Like the faithful of the Global Methodist Church, it is past time, dear saints, to let the United Methodist Church go: let them go in love, yes, wishing them no harm, wishing them protection from animus and rancor; let them go in prayer, always extending that welcoming invitation “to experience the redemptive grace of Jesus.” And while the divided United Methodist Church goes on its way praising the virtues of diversity and inclusiveness, I hear another chorus—a chorus singing the sweet praises of redemption and holiness and of Him who is “Love divine, all loves excelling, Joy of Heav’n to earth come down!”
My brothers and sisters in Christ, “Do you hear them coming?”

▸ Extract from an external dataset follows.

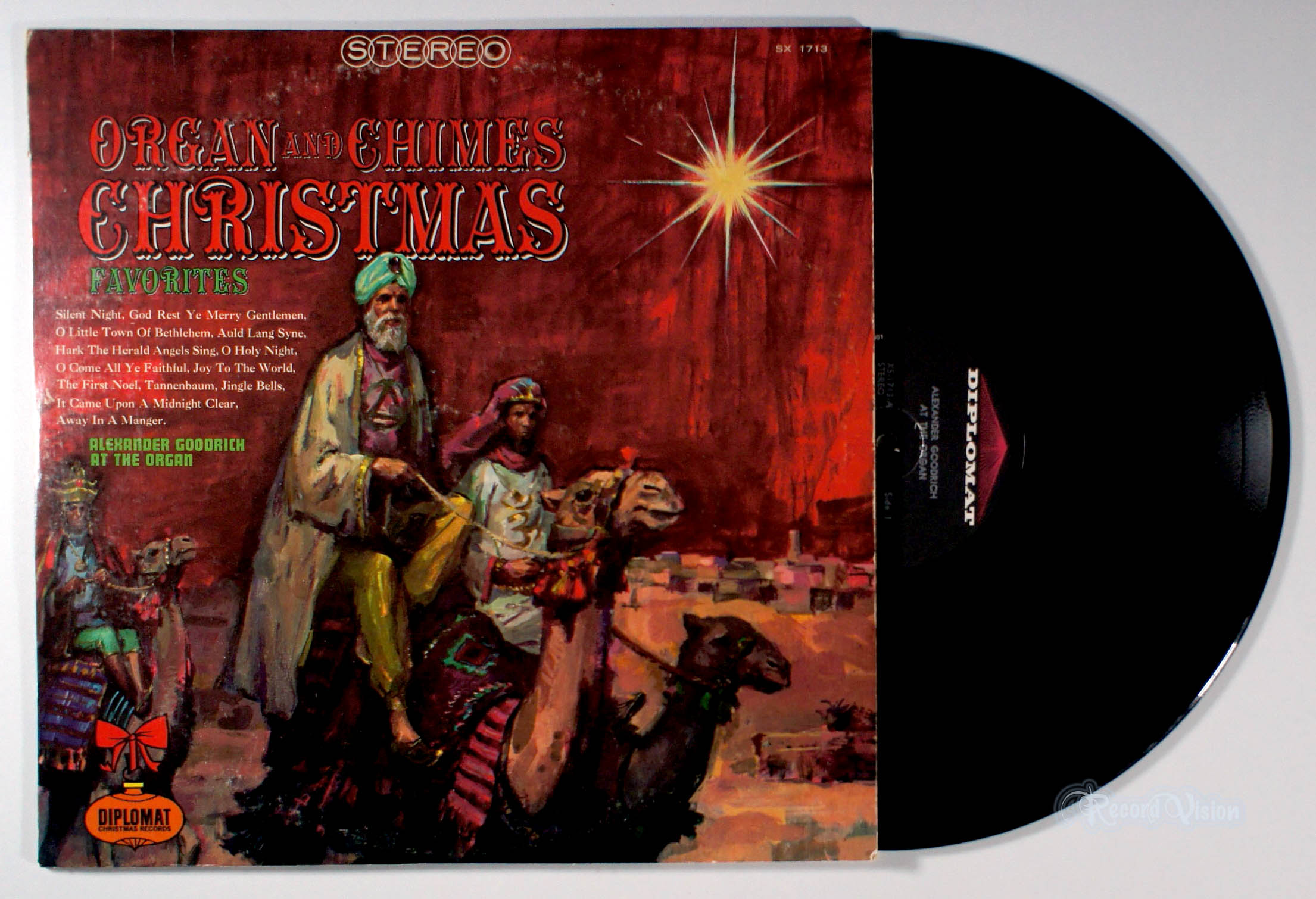 Alexander Goodrich - Organ and Chimes Christmas (front cover) Vinyl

“Do you hear the stirring anthems
Filling all the earth and sky?
'Tis a grand, victorious army,
Lift its banner up on high!”
“Tis a glorious Church without spot or wrinkle,
Washed in the blood of the Lamb.
'Tis a glorious Church, without spot or wrinkle,
Washed in the blood of the Lamb.” (Words & music by R. E. Hudson, 1892)
Thousands of churches have left the United Methodist Church. There will be more. May God continue to bless and lead the emerging Global Methodist Church!
Amen & Amen
The logo for the Global Methodist Church.
“The Church’s One Foundation is Jesus Christ Her Lord!”